**Dataset content**

# # # #

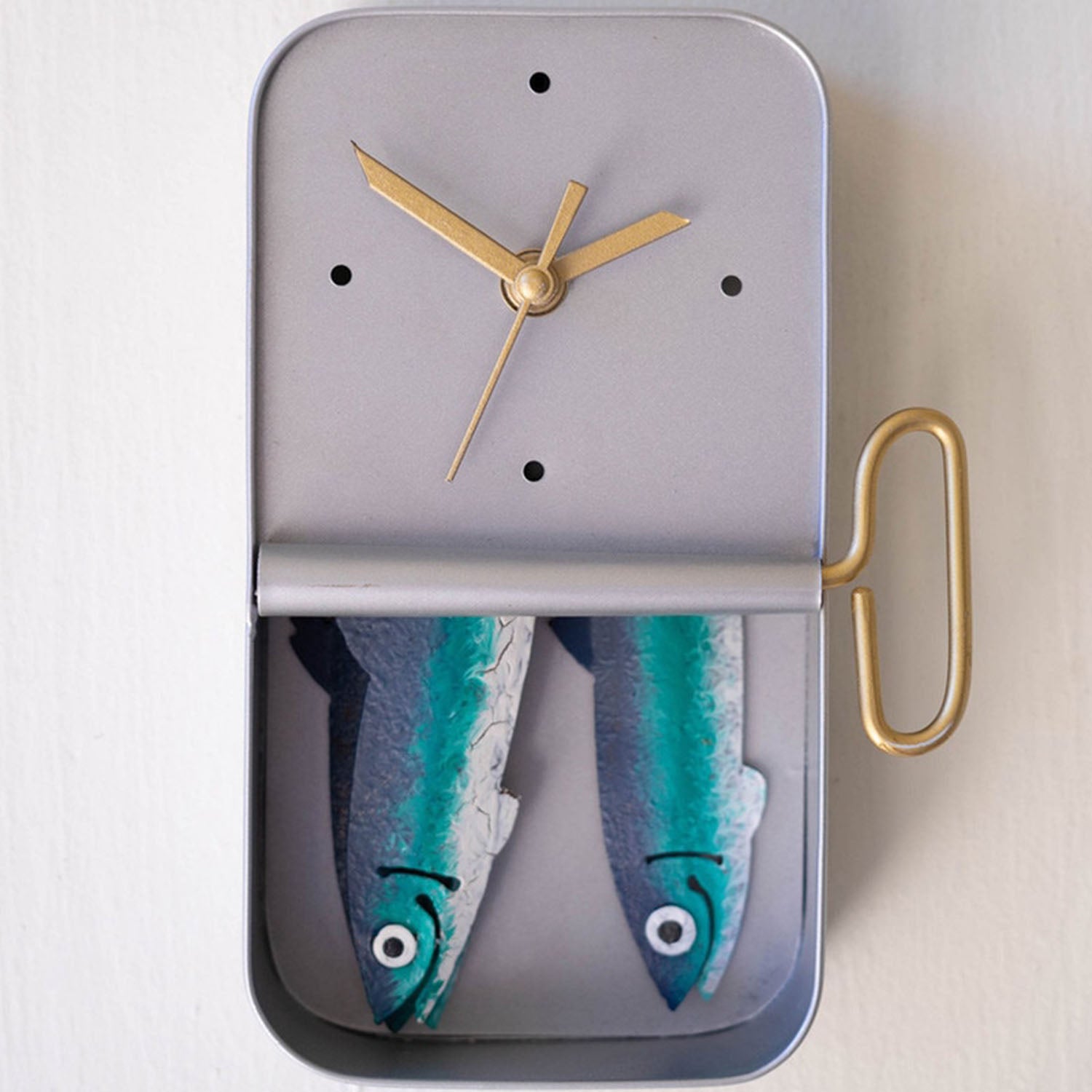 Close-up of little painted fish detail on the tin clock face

# # # #

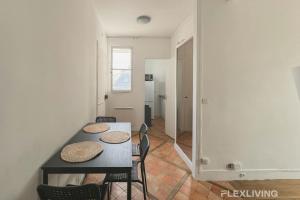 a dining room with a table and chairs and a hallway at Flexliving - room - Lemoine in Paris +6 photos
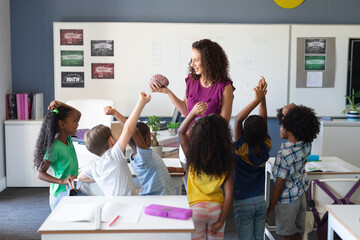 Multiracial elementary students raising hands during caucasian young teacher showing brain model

# # # #

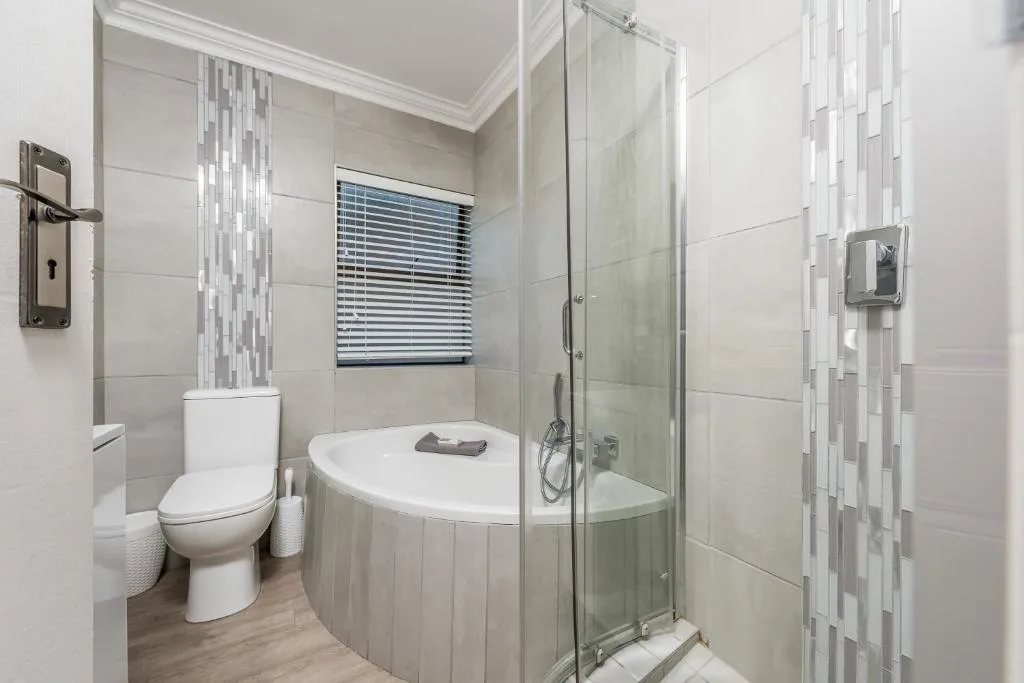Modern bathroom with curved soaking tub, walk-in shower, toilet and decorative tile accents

# # # #

**Exercise goal**
Quote the data above exactly from the line with "a dining room" to the line with "Multiracial elementary students", both ends counted, and nothing else. Pictures don't go in.

**Finished exercise**
 a dining room with a table and chairs and a hallway at Flexliving - room - Lemoine in Paris +6 photos
 Multiracial elementary students raising hands during caucasian young teacher showing brain model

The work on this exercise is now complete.